Alzheimer’s is a disease that can turn violent causing even the meekest individuals to become aggressive and violent. Alzheimer’s can turn violent suddenly with no reason or due to a frustrating situation. Coping with patients when Alzheimer’s has turned violent can be difficult.
What Causes Alzheimer’s To Turn Violent?
- Physical discomfort
- Physical pain from infections or the urinary tract can contribute to a change in behavior. This is common for Alzheimer’s patients. Patients are also unable to articulate or identify the cause of discomfort or pain so they may express it through violence. Other sources of physical discomfort include lack of enough sleep, hunger, and thirst or medication.
- Environmental factors
- Loud noises and physical clutter can over-stimulate a person with Alzheimer’s. If the person is surrounded by unfamiliar people or they feel lost,
- Alzheimer’s can turn violent.
- Poor communication
- When patients are unable to understand and process the information given to them.
How To Respond To These Causes
- Identify the immediate cause that may have triggered the Alzheimer’s to turn violent
- Rule out any pain that may cause the violence
- Don’t focus on the facts and specific detail rather focus on the patient’s feelings
- Don’t get upset or raise your voice. Stay positive and reassuring. Use a soft tone.
- Limit the distractions in the patient’s surroundings.
- Try and engage the patient in relaxing activities like music, massage, or exercise. You should soothe the patient.
- Change the focus from the immediate situation or activity that may have caused the Alzheimer’s to turn violent to another activity
- Take a break from the patient when you have established their safety
- Establish the safety of both you and the patient especially when the patient is unable to calm down
- Talk with other people who have had similar experiences and learn what strategies have worked for them
What Is Delirium?
This is one of the greatest contributors to Alzheimer’s turning violent. Delirium is a state of confusion that is worse than the usual state of confusion.
It is brought on by some kind of illness or stress on the body or mind. Some common facts about delirium are:
- People with dementia who experience delirium never recover completely
- People who experience delirium are likely to mentally decline more quickly than others who do not have delirium
- People with dementia and Alzheimer’s tend to have hospital delirium
- It can cause Alzheimer’s to be violent
Delirium speeds up the decline rate of Alzheimer’s and any other form of dementia.

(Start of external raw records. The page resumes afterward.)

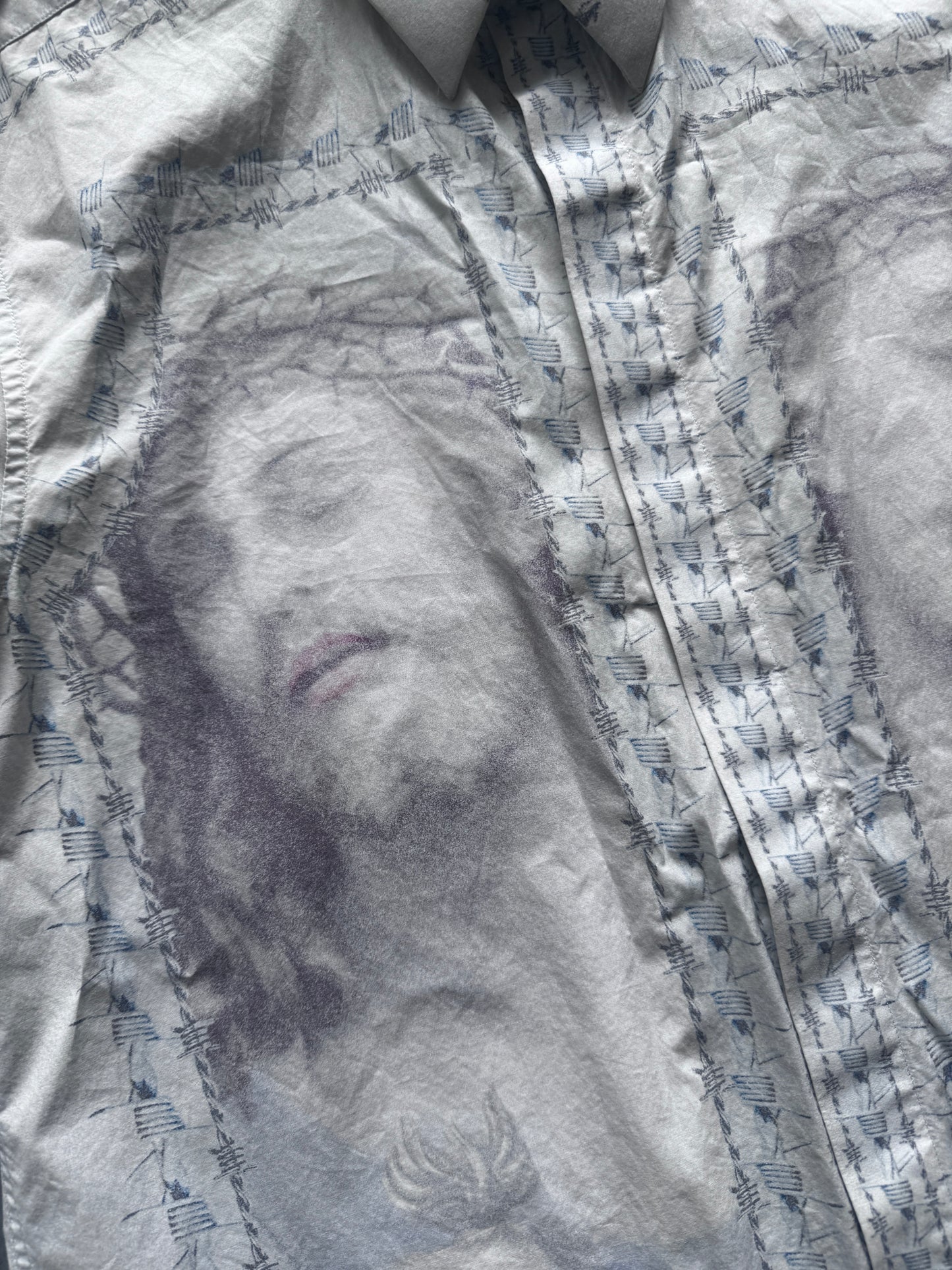 givenchy 2014 tisci jesus shirt
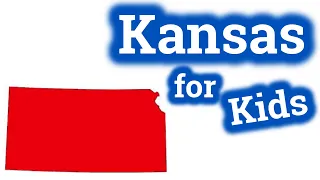 Kansas for Kids | US States Learning Video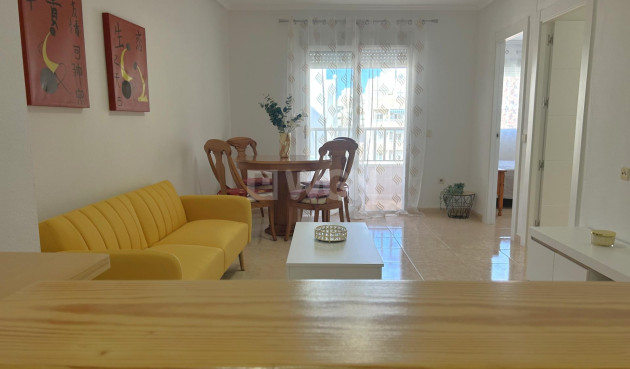 Wiederverkauf - Wohnung - Torrevieja - El Molino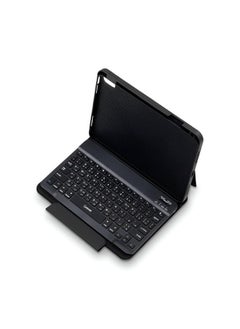 iPad 10.9 2022 Wireless Keyboard Black Arabic English Layout Compact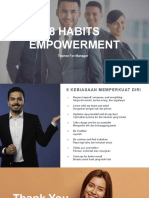8 Habits Empowerment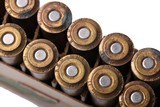 Collectible Ammo: Full Box of 20 Remington UMC 11 m/m (.43 Cal.) Mauser 380 Grain Cartridges - 5 of 14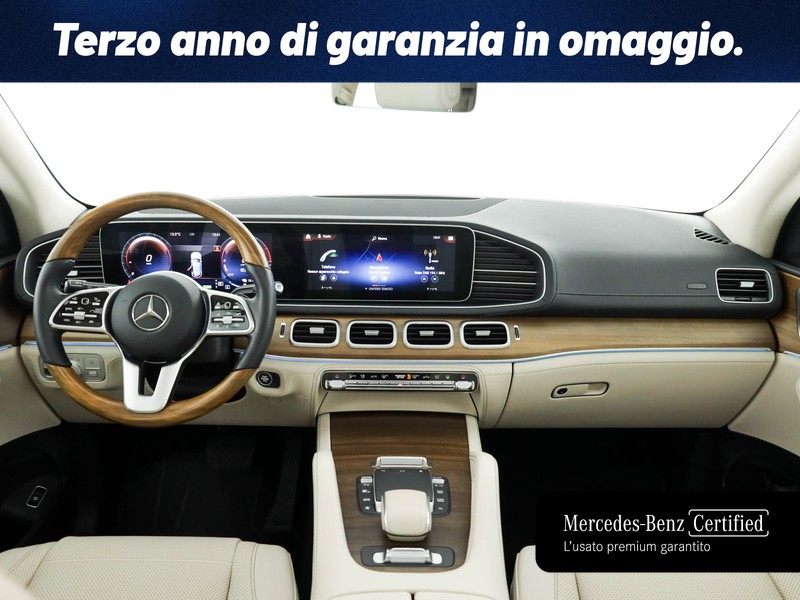 Mercedes GLE gle 350 de phev (e eq-power) premium plus 4matic auto ibrido verde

It is scary for Alzheimer’s patients. Since patients cannot completely avoid going to the hospital, there are steps that you can take to reduce the chances of the patient experiencing delirium and Alzheimer’s turning violent.
How To Respond To Delirium
- Teach yourself about delirium and learn more about what brings it about, how to manage it and how to prevent it
- Be careful about surgery and hospitalizations because these actions present the risks of Alzheimer’s turning violent
- Learn to spot delirium in the hospital and address it when it appears.
It is quite unfortunate that at one point of the progression of Alzheimer’s, the disease will turn violent.